Guests networked and enjoyed light appetizers in a setting befitting of such an esteemed audience. In his remarks, Cuyahoga County Executive Armond Budish sang the county’s praises, and encouraged the ambassadors to bring investment to the region. The evening’s keynote speaker, U.S. Senator Bob Corker, chairman of the Senate Committee on Foreign Relations, stressed the importance of understanding what “having people of different backgrounds and origins means to your community.”

Below is a transcript of his speech:

“I want to congratulate the City of Cleveland and the county. I love listening to the county mayor with the energy he had. I was able to walk yesterday around the city and was most impressed, number one, with the city. And, I have to say, I’ve been to almost every convention over the last 20 to 25 years. I don’t think I’ve been to a place that is more welcoming, nor have I been to a convention that, in spite of what is being said on the media, is one that is more unique and really homespun. There’s good feeling in being here, I’m so impressed with the effort of this organization to reach out to reach out to people of different backgrounds, to understand the importance of having diversity, of having people come to your community that are able to bring skills and knowledge and background that really broaden your community’s ability to function and to produce, and to welcome other people in. Each community has its own way of attempting to move ahead, and I just have to tell you, especially as chairman of the Foreign Relations committee, my hat is off to this entity, Global Cleveland, what you’re doing to bring talented people to your community and your understanding of what that means for the future.

To the ambassadors, please know that all of us who serve, like I do, understand that we have inherited from people who came before us a heritage. We’ve inherited that. And, the fact that 80 ambassadors from around the world would come to the Republican convention, and 80 ambassadors from around the world would go to the Democratic convention to understand what they believe our country’s role in the world is going to be is something that is very humbling to all of us, and we thank you for coming. We thank you for trying to understand the future. We also understand that when our country functions at the highest levels, relative to foreign policy, the world is a better place. I was talking to a couple of ambassadors before I came up here; one whose country I’d been to, one who hadn’t, and I said, ‘You know, y’all are here. This convention is something that’s probably very unique to your country,’ and that reminded me, actually, this convention is very unique to our country, and it is. And, what’s happened in the process, is that more people in our country are focused on what is happening during this election than probably anytime in recent times. But, what all of you know, because all of you are involved in internationalism, you understand that, around the world, more than ever, people are paying attention to this election. They want to understand what the future is going to be.

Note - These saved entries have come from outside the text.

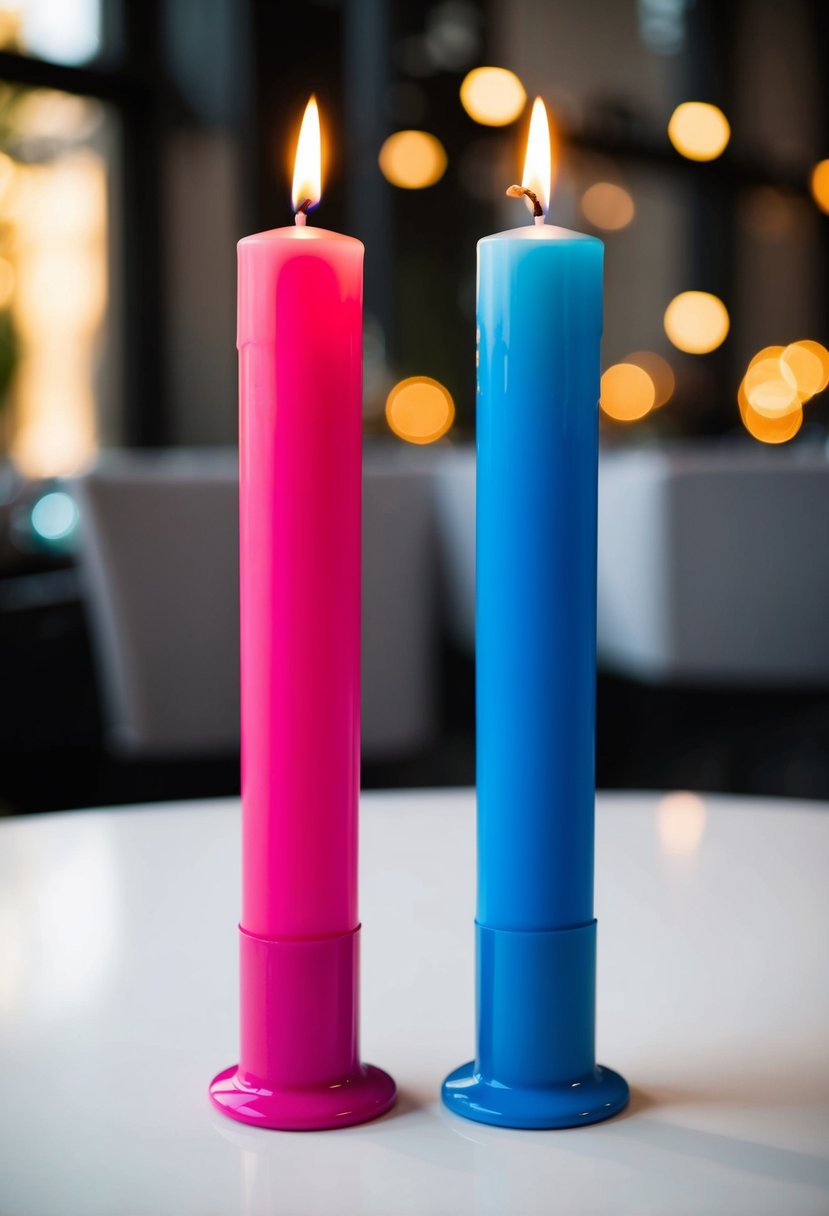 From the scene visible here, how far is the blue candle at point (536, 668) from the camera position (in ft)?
0.86

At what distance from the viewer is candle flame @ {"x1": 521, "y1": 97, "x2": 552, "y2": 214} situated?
279 millimetres

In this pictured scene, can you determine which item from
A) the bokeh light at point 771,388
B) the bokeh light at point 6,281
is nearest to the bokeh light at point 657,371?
the bokeh light at point 771,388

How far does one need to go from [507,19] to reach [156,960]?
5.46m

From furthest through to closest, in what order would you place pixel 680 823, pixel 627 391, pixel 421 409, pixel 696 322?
1. pixel 696 322
2. pixel 627 391
3. pixel 421 409
4. pixel 680 823

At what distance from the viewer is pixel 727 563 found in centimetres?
225

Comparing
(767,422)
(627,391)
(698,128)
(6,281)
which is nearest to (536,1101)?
(6,281)

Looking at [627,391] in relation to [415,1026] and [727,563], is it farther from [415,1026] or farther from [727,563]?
[415,1026]

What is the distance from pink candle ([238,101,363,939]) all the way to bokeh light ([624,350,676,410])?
5085mm

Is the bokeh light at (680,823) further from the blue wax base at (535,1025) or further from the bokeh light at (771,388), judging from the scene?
the bokeh light at (771,388)

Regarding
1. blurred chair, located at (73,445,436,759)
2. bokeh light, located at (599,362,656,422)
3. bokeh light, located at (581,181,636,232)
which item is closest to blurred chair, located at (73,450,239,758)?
blurred chair, located at (73,445,436,759)

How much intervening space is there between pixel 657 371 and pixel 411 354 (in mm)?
1399

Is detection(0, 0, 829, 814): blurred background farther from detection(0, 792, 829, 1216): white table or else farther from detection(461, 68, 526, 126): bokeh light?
detection(0, 792, 829, 1216): white table

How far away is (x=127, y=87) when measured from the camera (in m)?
4.33

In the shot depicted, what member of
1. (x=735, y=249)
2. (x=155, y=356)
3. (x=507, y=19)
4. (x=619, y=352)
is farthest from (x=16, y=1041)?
(x=735, y=249) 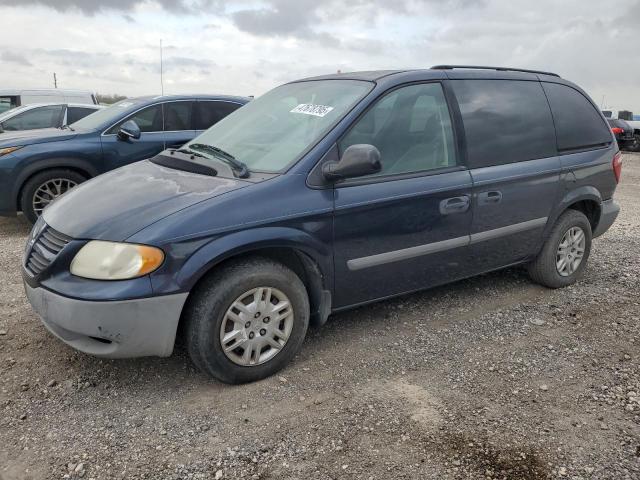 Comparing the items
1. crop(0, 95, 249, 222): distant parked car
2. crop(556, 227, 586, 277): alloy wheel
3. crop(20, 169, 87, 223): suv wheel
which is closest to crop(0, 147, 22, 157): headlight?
crop(0, 95, 249, 222): distant parked car

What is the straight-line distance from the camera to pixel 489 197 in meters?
3.78

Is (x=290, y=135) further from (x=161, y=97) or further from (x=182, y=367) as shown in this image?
(x=161, y=97)

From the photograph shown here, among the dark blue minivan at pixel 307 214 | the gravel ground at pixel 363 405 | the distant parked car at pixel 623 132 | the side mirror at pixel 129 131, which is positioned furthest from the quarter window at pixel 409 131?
the distant parked car at pixel 623 132

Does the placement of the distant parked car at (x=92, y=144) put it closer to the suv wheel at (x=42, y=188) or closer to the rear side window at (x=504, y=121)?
the suv wheel at (x=42, y=188)

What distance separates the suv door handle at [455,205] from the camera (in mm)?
3547

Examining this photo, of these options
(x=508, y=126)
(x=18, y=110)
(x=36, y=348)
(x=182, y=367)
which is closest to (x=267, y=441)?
(x=182, y=367)

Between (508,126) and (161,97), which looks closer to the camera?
(508,126)

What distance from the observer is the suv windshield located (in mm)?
6676

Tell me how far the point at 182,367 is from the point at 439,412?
1.49 meters

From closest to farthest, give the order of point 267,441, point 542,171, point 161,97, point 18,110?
point 267,441
point 542,171
point 161,97
point 18,110

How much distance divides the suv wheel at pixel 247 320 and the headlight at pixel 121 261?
12.1 inches

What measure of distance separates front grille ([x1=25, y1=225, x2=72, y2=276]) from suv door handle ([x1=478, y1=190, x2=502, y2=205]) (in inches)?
102

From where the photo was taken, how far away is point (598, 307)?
4246 mm

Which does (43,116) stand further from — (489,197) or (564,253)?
(564,253) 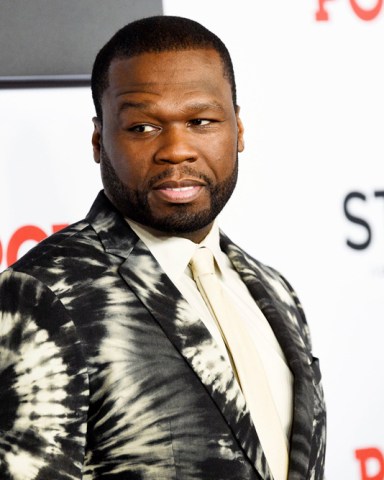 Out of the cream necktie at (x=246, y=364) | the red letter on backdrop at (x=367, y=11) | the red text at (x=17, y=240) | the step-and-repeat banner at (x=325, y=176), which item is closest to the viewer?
the cream necktie at (x=246, y=364)

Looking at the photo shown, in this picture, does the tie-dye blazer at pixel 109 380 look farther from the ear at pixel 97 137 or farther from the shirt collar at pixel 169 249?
the ear at pixel 97 137

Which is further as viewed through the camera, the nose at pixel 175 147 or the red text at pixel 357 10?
the red text at pixel 357 10

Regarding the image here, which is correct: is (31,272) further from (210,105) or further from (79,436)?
(210,105)

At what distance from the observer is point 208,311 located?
1.18m

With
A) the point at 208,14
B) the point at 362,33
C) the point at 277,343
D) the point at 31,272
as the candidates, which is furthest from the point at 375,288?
the point at 31,272

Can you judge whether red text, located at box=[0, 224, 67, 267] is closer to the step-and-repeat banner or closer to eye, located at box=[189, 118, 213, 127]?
the step-and-repeat banner

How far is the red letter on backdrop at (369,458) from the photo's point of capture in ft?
6.79

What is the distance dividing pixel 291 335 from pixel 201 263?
0.17 metres

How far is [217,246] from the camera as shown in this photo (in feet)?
4.22

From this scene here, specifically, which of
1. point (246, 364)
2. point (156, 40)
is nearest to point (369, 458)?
point (246, 364)

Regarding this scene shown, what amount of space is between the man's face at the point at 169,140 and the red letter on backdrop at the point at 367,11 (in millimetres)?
1006

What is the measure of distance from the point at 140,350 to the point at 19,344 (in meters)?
0.13

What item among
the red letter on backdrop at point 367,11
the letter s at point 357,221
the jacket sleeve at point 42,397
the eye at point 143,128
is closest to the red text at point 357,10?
the red letter on backdrop at point 367,11

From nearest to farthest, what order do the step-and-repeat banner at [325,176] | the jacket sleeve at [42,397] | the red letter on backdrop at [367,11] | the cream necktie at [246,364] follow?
A: the jacket sleeve at [42,397] < the cream necktie at [246,364] < the step-and-repeat banner at [325,176] < the red letter on backdrop at [367,11]
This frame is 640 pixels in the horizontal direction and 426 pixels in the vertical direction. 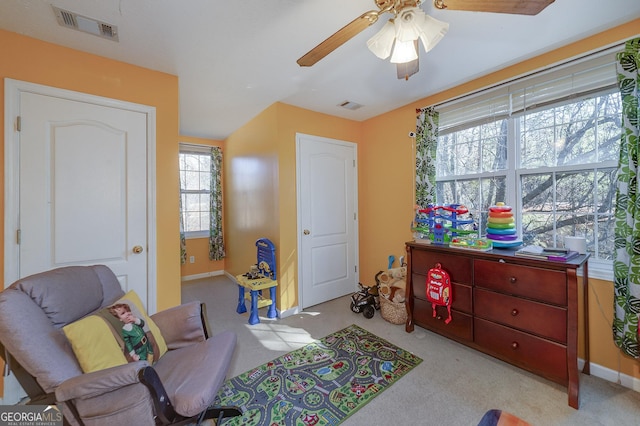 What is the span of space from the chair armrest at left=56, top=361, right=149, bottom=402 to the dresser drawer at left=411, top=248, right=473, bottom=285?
2.21m

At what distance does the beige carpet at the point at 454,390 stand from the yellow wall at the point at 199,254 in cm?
221

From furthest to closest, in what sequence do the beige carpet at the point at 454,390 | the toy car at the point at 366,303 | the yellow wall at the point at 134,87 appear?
the toy car at the point at 366,303 < the yellow wall at the point at 134,87 < the beige carpet at the point at 454,390

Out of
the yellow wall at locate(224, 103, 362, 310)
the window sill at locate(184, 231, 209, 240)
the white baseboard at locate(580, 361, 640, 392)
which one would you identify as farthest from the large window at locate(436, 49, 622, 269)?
the window sill at locate(184, 231, 209, 240)

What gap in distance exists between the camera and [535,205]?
224cm

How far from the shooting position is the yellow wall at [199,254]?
14.7 feet

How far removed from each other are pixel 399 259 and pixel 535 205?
4.79 ft

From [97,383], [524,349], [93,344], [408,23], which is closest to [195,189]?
[93,344]

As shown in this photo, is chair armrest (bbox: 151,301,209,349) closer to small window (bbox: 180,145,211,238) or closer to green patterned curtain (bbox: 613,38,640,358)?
green patterned curtain (bbox: 613,38,640,358)

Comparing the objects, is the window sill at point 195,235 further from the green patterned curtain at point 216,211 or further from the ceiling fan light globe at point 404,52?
the ceiling fan light globe at point 404,52

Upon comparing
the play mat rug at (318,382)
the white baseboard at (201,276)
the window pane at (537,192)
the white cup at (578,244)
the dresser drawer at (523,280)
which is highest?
the window pane at (537,192)

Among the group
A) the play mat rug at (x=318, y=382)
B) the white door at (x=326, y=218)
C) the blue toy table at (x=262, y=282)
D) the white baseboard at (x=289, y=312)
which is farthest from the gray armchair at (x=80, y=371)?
the white door at (x=326, y=218)

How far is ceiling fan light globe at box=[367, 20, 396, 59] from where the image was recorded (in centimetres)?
130

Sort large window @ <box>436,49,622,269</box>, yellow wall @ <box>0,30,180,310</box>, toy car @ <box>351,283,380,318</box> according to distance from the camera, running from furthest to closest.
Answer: toy car @ <box>351,283,380,318</box> → large window @ <box>436,49,622,269</box> → yellow wall @ <box>0,30,180,310</box>

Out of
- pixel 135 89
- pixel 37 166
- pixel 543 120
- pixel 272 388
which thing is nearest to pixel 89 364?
pixel 272 388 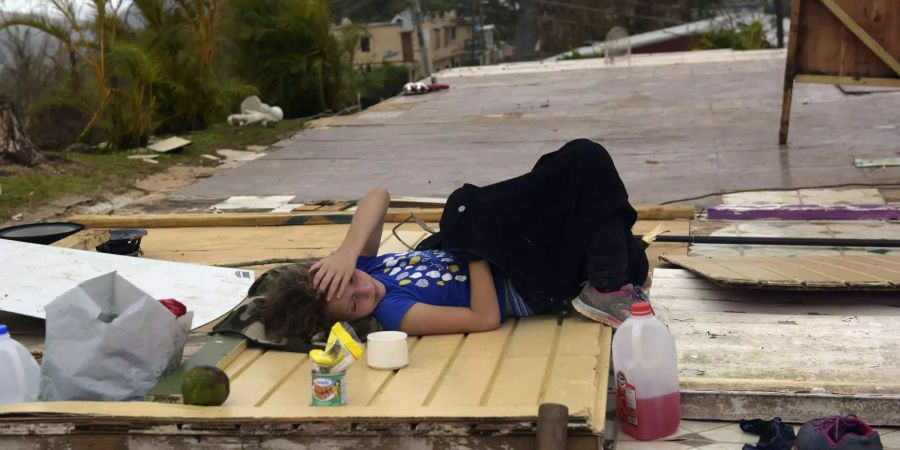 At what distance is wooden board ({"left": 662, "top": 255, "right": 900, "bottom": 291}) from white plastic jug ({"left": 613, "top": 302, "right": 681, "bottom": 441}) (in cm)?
110

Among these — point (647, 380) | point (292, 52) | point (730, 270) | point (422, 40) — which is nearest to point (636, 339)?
point (647, 380)

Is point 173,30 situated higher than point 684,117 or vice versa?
point 173,30

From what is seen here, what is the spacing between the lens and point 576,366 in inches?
119

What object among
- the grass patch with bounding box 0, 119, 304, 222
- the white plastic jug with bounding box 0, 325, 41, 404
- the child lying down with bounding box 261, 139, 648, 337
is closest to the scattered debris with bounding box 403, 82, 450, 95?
the grass patch with bounding box 0, 119, 304, 222

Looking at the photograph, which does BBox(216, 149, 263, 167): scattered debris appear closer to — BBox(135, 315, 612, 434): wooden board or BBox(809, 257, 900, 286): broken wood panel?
BBox(809, 257, 900, 286): broken wood panel

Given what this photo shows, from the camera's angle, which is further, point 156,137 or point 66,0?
point 156,137

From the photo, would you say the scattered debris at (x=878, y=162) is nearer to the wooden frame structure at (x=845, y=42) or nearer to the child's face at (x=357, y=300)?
the wooden frame structure at (x=845, y=42)

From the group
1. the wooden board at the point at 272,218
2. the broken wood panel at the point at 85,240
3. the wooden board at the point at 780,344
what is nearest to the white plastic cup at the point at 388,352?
the wooden board at the point at 780,344

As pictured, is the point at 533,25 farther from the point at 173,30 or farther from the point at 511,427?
the point at 511,427

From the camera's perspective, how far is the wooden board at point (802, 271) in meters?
3.79

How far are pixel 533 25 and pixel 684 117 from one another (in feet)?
134

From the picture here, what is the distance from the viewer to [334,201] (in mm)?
7289

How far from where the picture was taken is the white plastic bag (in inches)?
118

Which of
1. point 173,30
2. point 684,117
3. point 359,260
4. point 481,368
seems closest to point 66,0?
point 173,30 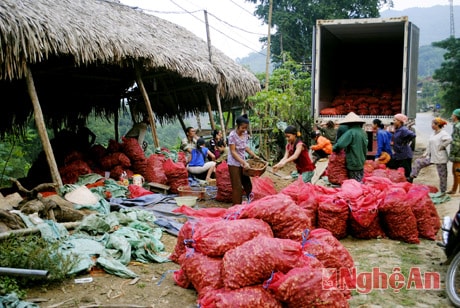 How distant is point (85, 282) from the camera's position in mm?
3752

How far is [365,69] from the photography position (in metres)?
13.2

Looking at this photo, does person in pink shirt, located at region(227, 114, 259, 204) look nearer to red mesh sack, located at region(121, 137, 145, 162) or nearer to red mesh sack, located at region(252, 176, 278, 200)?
red mesh sack, located at region(252, 176, 278, 200)

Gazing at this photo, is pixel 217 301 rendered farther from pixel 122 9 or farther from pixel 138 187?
pixel 122 9

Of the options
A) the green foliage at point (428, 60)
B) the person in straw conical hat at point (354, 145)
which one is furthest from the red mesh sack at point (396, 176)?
the green foliage at point (428, 60)

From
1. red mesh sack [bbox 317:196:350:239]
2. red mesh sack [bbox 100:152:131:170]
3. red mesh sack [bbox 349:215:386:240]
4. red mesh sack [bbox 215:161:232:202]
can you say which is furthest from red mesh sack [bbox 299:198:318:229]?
red mesh sack [bbox 100:152:131:170]

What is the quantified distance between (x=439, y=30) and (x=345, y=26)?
19188 centimetres

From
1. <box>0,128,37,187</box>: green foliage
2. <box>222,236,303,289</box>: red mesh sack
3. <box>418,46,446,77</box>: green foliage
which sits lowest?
<box>0,128,37,187</box>: green foliage

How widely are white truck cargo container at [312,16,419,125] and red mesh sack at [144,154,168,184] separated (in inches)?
160

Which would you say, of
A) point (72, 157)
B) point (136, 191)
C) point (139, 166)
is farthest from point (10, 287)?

Now, I don’t know what the outcome of this election is going to be, and therefore, it is very difficult, because the chief executive, our president, plays such a huge role in foreign policy. We play a role, but in our country, obviously, the president determines more fully than anyone else what our country’s role is gonna be. But, what we need to do, and what Cleveland has done such an outstanding job of doing, is we have a responsibility with our citizens to understand the importance of U.S. leadership and involvement around the world. We have four-and-a-half-percent of the world’s population in America. Four-and-a-half percent. And, yet, we have, we participate in twenty-two percent of the world’s gross domestic product. And, the only way that we’re going to continue to better the lives of our own citizens is to ensure that our citizens understand how it important it is for us to be involved in the world, and most of the ambassadors here, they will tell you that ‘Look, when there’s a vacuum in world leadership, someone will step in and lead.’ And, I think most of them, regardless of where they come from, would rather it be the United States that takes that leadership role. I can tell you firsthand that the world is a better place, the world is a better place because of what the United States represents when we take that leadership role in concert with others. So, look, this is a group of very influential people, people that are very knowledgeable, people that have traveled the world, and people that understand what I just said happens to be true. But, in a country like ours, we’ve got a job to do, because what’s happening with people’s concerns about security, with people’s concerns about economic issues, we are going through a period of isolationism where people want to retrench, and that’s the opposite, in my opinion, of what a great nation needs to do. That’s the opposite of what the world needs to have happen.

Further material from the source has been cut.